One of the unique aspects of the horror films produced by Val Lewton at RKO in the 1940s is the seriousness with which they discuss matters of mental illness. Even today, mental health issues are often tiptoed around, but in the forties, they were practically taboo. As discussed in previous entries in this column, Cat People (1942) is largely about repression and The Body Snatcher (1945) deals with guilt, paranoia, and psychopathy. The Seventh Victim (1943), one of the lesser-seen entries in the Lewton cycle, is about loneliness, the depression that stems from it, and suicidal ideation. It externalizes the inner struggles between the light and darkness that use the mind as a battlefield and demand a choice between life and death. Because of the unflinching way The Seventh Victim approaches the subject of suicide, this should be a considered a content warning for the discussion to come later. But first, some background on the film itself.
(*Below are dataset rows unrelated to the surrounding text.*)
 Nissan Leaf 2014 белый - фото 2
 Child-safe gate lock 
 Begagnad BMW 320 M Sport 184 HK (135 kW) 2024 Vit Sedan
Val Lewton had produced three successful films with director Jacques Tourneur, Cat People (1942), I Walked with a Zombie (1943), and The Leopard Man (1943). RKO felt that they could have even more success by splitting up this team and promoting them to “A pictures,” with bigger budgets, more resources, and therefore more prestige in the eyes of critics and the industry. Tourneur moved directly to the war film Days of Glory (1944) and would soon make the noir masterpiece Out of the Past (1947). Lewton would be tasked with finishing the rest of the genre films on his docket before taking his promotion. He laid out the schedule with his choices of cast and crew, including Mark Robson, the editor of the first three films, to direct The Seventh Victim and presented it to RKO. The studio scoffed at this choice and Lewton was forced to choose between the promotion and loyalty to his friend—he chose loyalty and went on to produce six more of the greatest horror films of the forties.

Because of Lewton’s belief in him, Robson was determined to make the best film he could, and in many ways continued the style created by Lewton and Tourneur. As in the earlier films, the protagonist of The Seventh Victim is a woman, the characters have jobs, and there is a clear stylistic quality that would later be dubbed “film noir” by French critics. Like many noir films (and German Expressionism, the movement that partially inspired it), The Seventh Victim features a number of characters that act as thematic doubles or doppelgangers. These characters are often dark and light reflections of one another, most clearly exemplified by Mary Gibson (Lewton discovery Kim Hunter) and her sister Jacqueline (Jean Brooks), but also other characters throughout the film notably the naïve poet Jason Hoag (Erford Gage) and the cynical Dr. Louis Judd (Tom Conway essentially reprising his role from Cat People). Though they fulfill archetypal roles, they are certainly not two-dimensional, black and white characters, but deeply complex individuals carrying within themselves many shades of grey.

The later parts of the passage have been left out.